Henry Glassie: “In a time dominated by industrial production, potters at Acoma and in Georgia have determined to hold to elder techniques, digging their own clay and forming it in their own hands, while their nimble minds direct the process of creation. This mix of accommodation and resistance establishes a frame of adaptive revival within which forms and techniques hold steady but functions shift" (1999 – The Potter’s Art, p. 56)

Functional shift

At its best, all art, whether folk art or fine art, either engages a process of "transcendence of consciousness" or leads us "into an awareness of our position in the cosmos" (Glassie, 1999, 119).

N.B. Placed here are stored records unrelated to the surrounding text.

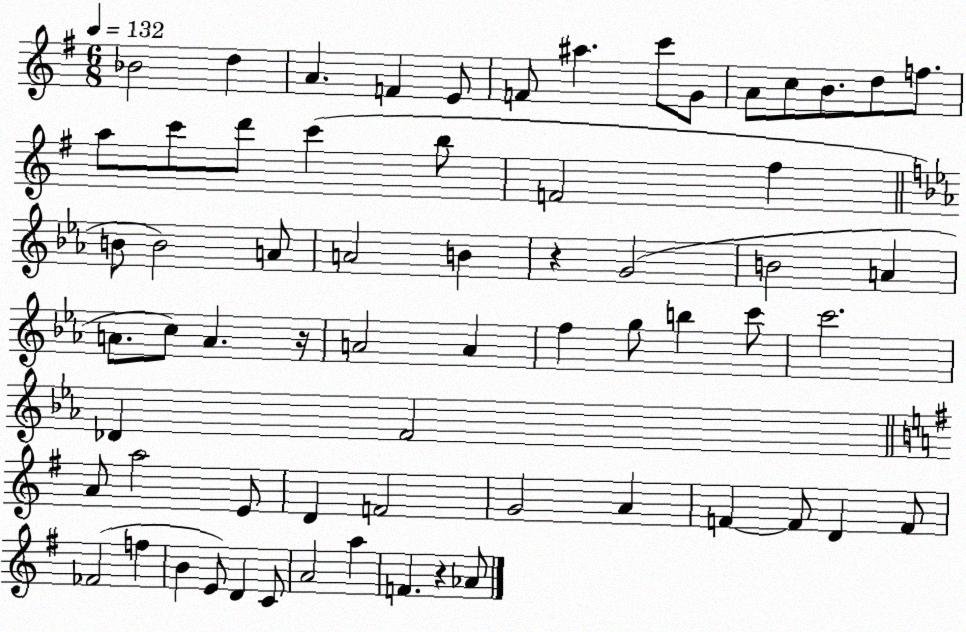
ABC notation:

X:1
T:Untitled
M:6/8
L:1/4
K:G
_B2 d A F E/2 F/2 ^a c'/2 G/2 A/2 c/2 B/2 d/2 f/2 a/2 c'/2 d'/2 c' b/2 F2 ^f B/2 B2 A/2 A2 B z G2 B2 A A/2 c/2 A z/4 A2 A f g/2 b c'/2 c'2 _D F2 A/2 a2 E/2 D F2 G2 A F F/2 D F/2 _F2 f B E/2 D C/2 A2 a F z _A/2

Folklore or Folk Art Today

When communal learning & individual inspiration flourish, folklore/art thrives 

Our sense of history is built partly from folklore

Folklore directs us or allows us to imagine how to live

EXAMPLE #2 – Myths (very popular and much-studied oral genre)

 

POLITICS OF FOLKLORE (changing/challenging culture)

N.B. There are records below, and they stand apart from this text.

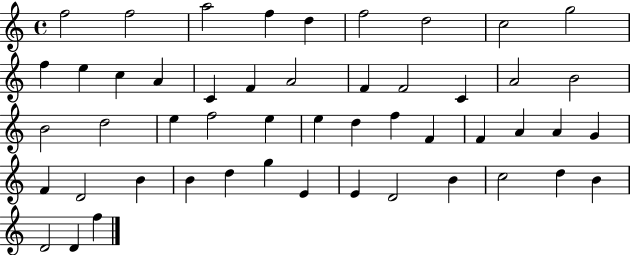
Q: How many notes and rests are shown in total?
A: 50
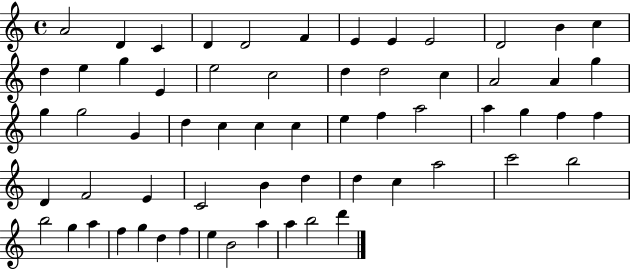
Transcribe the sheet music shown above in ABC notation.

X:1
T:Untitled
M:4/4
L:1/4
K:C
A2 D C D D2 F E E E2 D2 B c d e g E e2 c2 d d2 c A2 A g g g2 G d c c c e f a2 a g f f D F2 E C2 B d d c a2 c'2 b2 b2 g a f g d f e B2 a a b2 d'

Learning to appreciate the context from which art flows ~ recognizing the artistic genius in communities all around the world  

Henry Glassie: "Wishing truly to understand, we will not merely ask people beyond our walls for facts to assimilate into our schemes. We will learn to engage in collegial exchange with non-academic intellectuals, discovering in conversation new arts of discourse and new theories of time" (1999b, p. 9)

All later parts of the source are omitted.